There's so much that's unknown about the status of these things in behaving animals that, you know, partly we're trying things, and partly we're like, "Ugh, it's too hard. " [AUDIENCE MEMBER] Yes. So I'm not quite clear.

Y-- y-- there's this association between the release and the firing. [JOSH BERKE] Yeah. [AUDIENCE MEMBER] But there must also be some relationship there.

Sure. So what does the firing contribute to the release? [JOSH BERKE] Sure.

So we, I mean, I actually think that the basic short story of a reward prediction signal is right? That you can use fast fluctuations as reward prediction signals, but I think it's only half the story. So I think sometimes the striatum listens to this as a learning signal, and sometimes it uses a motivation signal.

And I think, for example, the cholinergic interneurons are really important in switching modes, right? So for example, the cholinergics usually fire steadily and then have brief pauses, a couple hundred milliseconds, maybe June will talk about that, right? And then during those pauses, you unblock synaptic plasticities, right?

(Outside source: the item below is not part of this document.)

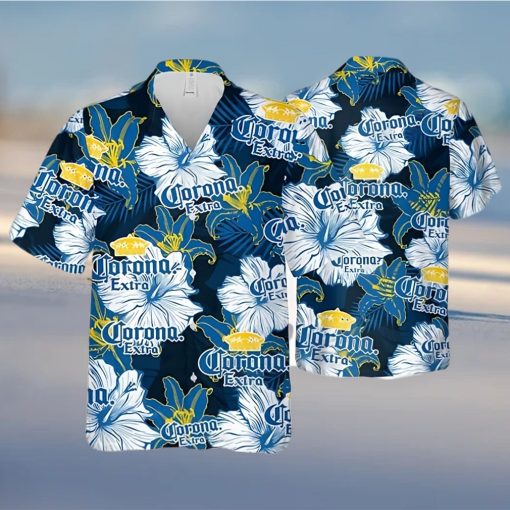 Corona Extra Beer Floral Pattern Hawaiian Shirt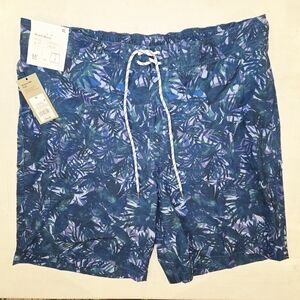 Goodfellow Tropical Blue Green Board Shorts Swim Trunks 9" Inseam UPF 50+ XL New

So there's evidence for switching into a learning mode very transiently and then switching back, and we think when you switch back, now you use it to gate excitability of the neuron. [MODERATOR] But then, but then what is the-- What does the firing contribute? [JOSH BERKE] What does the firing in cells?

Well, I think if you get a burst of firing of dopamine cells, you still usually get a pulse of dopamine release, right? But it's a tricky deciphering job that has to be done at the level of the forebrain, and we only have the beginning of a sense of how that might work. [AUDIENCE MEMBER] Thank you.